Though the entries hold pictures, only their text should be duplicated, exactly and in full.

# # # # # # #

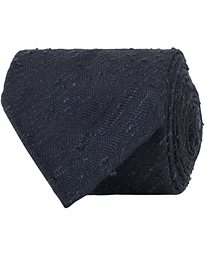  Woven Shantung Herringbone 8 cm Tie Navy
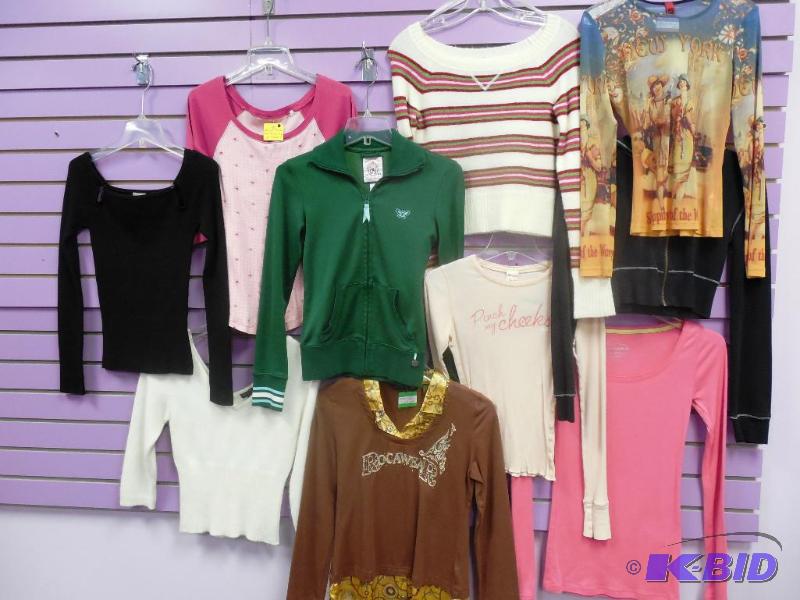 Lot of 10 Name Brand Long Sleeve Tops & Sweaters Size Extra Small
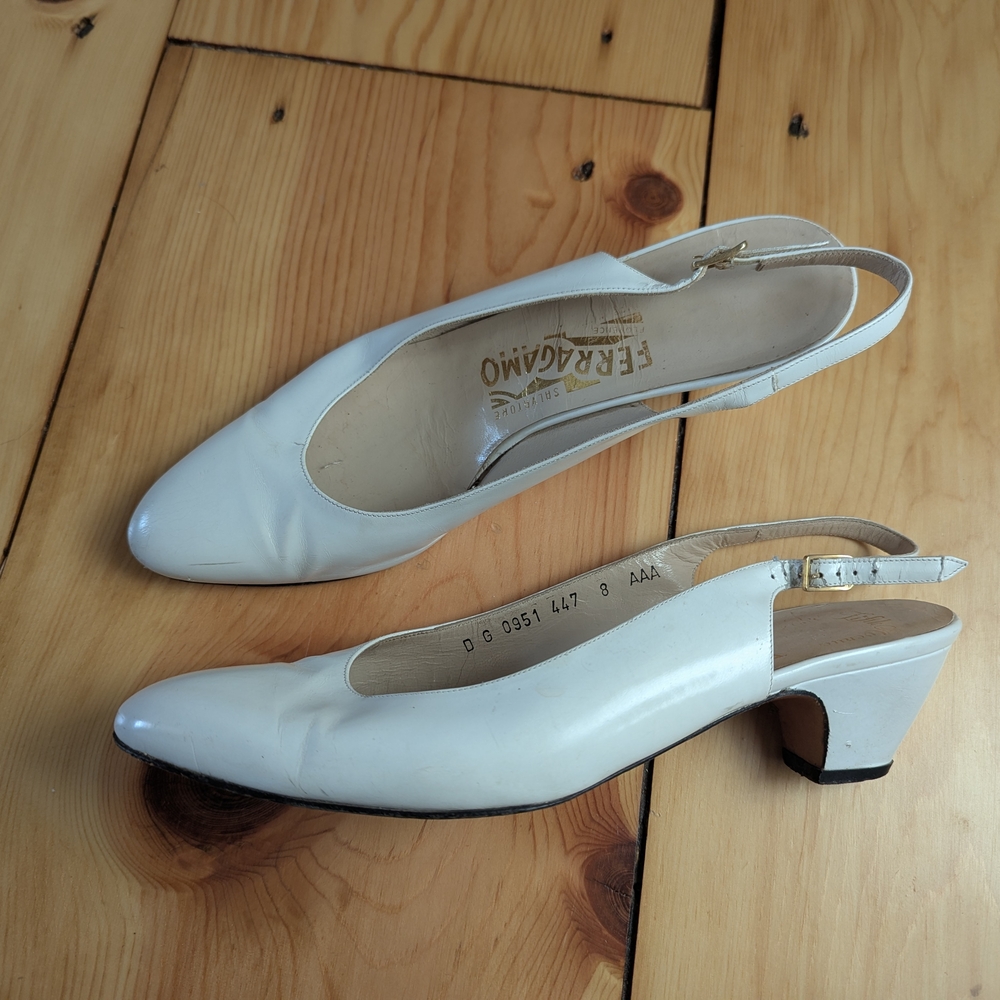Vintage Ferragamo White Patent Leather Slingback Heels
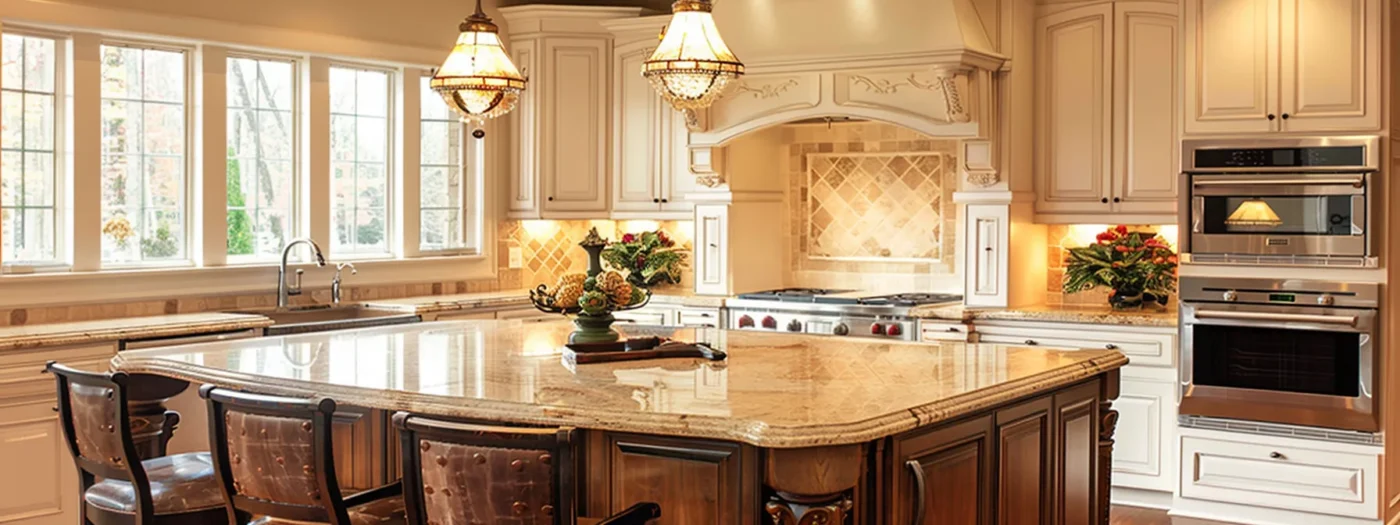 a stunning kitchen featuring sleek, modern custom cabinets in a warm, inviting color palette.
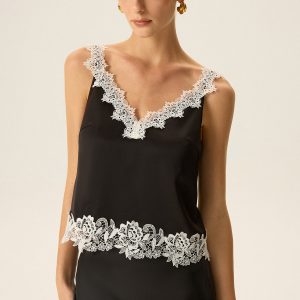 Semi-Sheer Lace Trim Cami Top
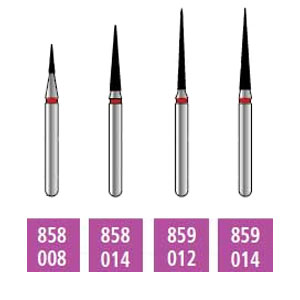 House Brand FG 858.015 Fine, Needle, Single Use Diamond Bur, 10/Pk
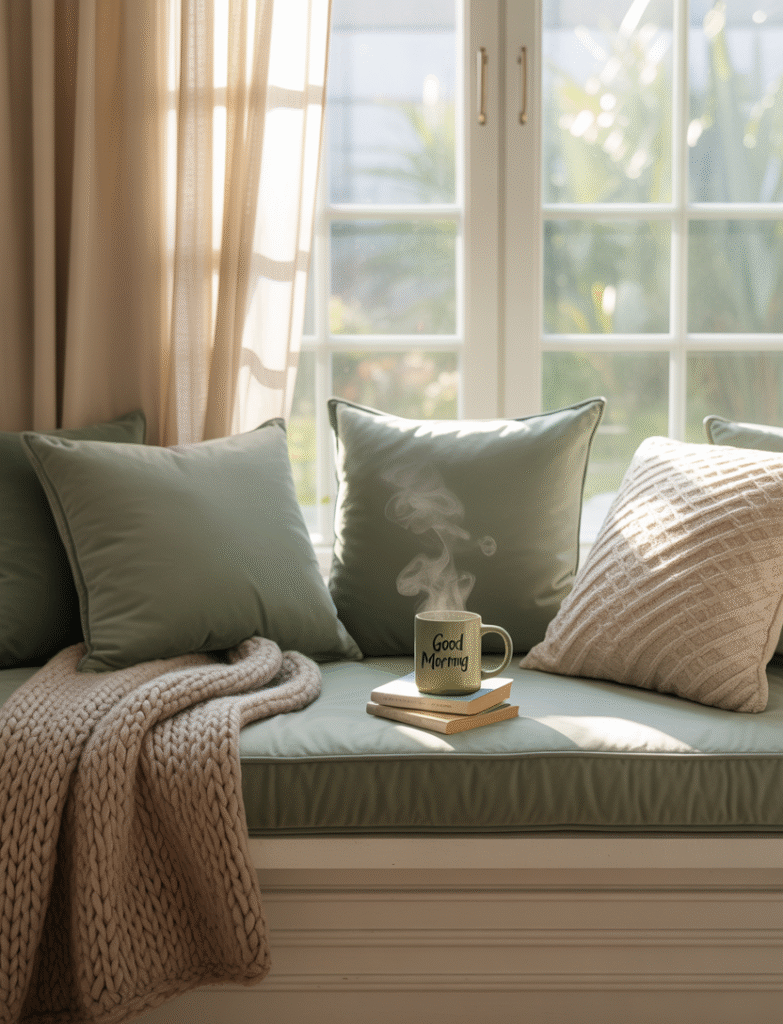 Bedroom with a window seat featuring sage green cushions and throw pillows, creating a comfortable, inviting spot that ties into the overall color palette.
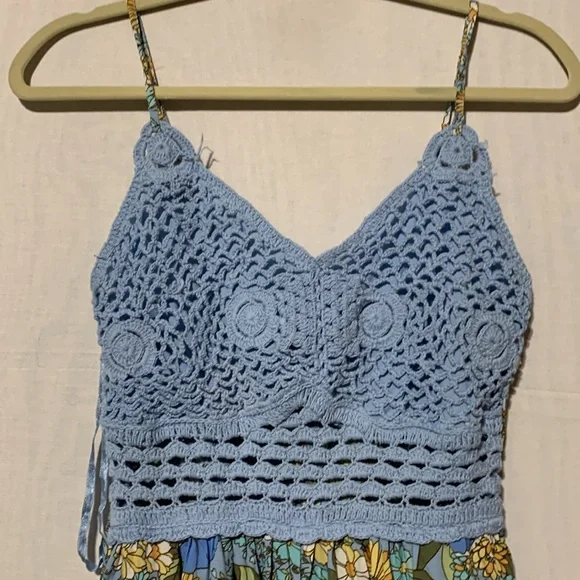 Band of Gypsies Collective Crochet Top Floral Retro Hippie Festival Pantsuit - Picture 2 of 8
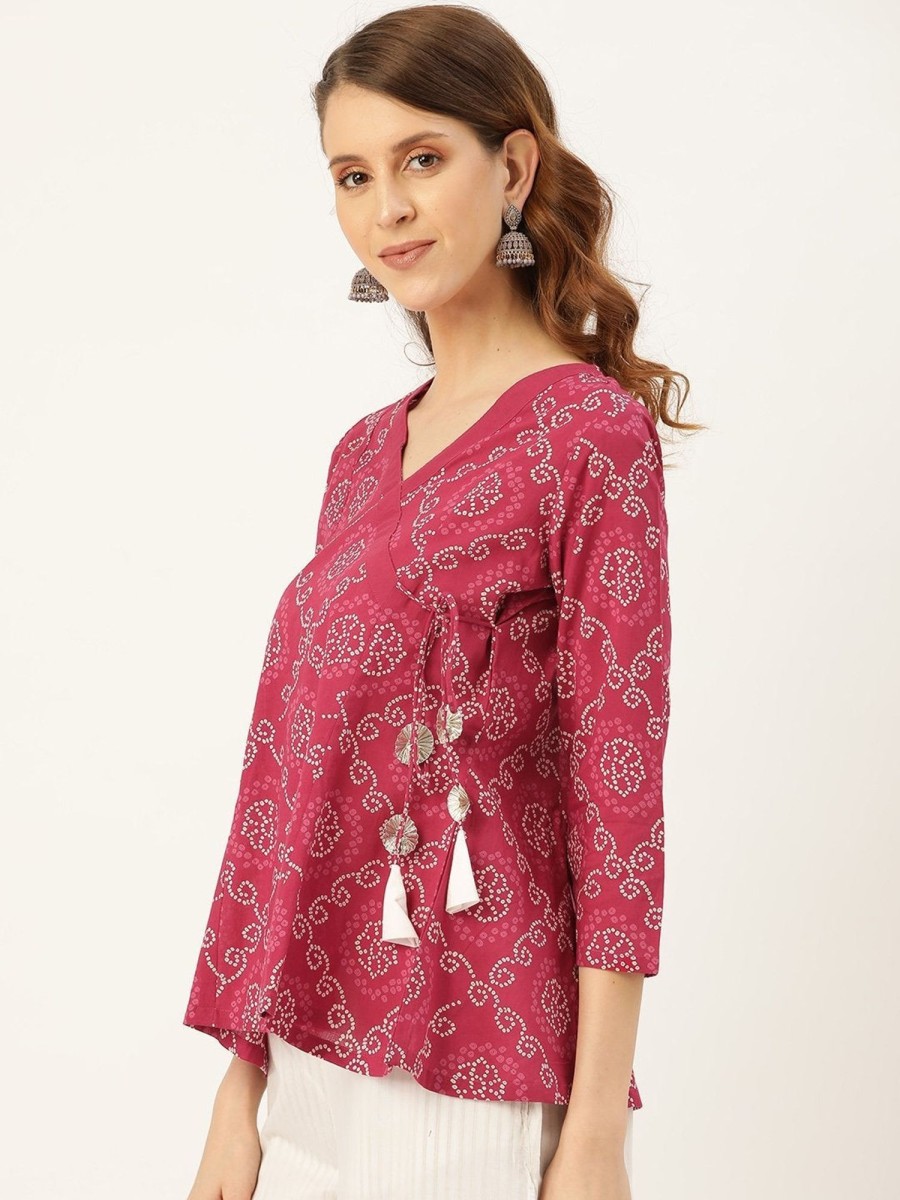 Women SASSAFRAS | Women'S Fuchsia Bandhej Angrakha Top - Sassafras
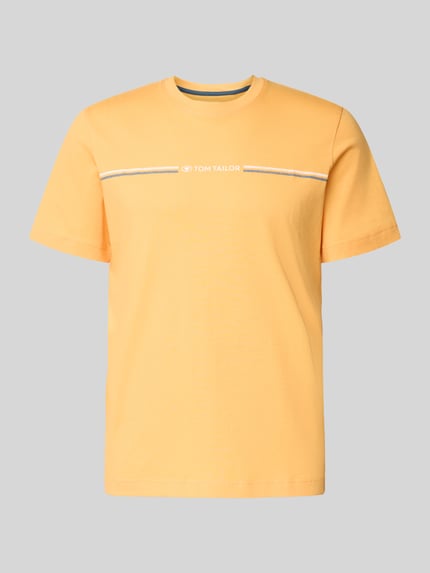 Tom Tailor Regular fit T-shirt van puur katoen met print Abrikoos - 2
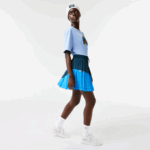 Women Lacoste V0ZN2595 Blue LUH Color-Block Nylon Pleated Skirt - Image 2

# # # # # # #

Reply to the exercise =
  Woven Shantung Herringbone 8 cm Tie Navy
 Lot of 10 Name Brand Long Sleeve Tops & Sweaters Size Extra Small
Vintage Ferragamo White Patent Leather Slingback Heels
 a stunning kitchen featuring sleek, modern custom cabinets in a warm, inviting color palette.
 Semi-Sheer Lace Trim Cami Top
 House Brand FG 858.015 Fine, Needle, Single Use Diamond Bur, 10/Pk
 Bedroom with a window seat featuring sage green cushions and throw pillows, creating a comfortable, inviting spot that ties into the overall color palette.
 Band of Gypsies Collective Crochet Top Floral Retro Hippie Festival Pantsuit - Picture 2 of 8
 Women SASSAFRAS | Women'S Fuchsia Bandhej Angrakha Top - Sassafras
 Tom Tailor Regular fit T-shirt van puur katoen met print Abrikoos - 2
 Women Lacoste V0ZN2595 Blue LUH Color-Block Nylon Pleated Skirt - Image 2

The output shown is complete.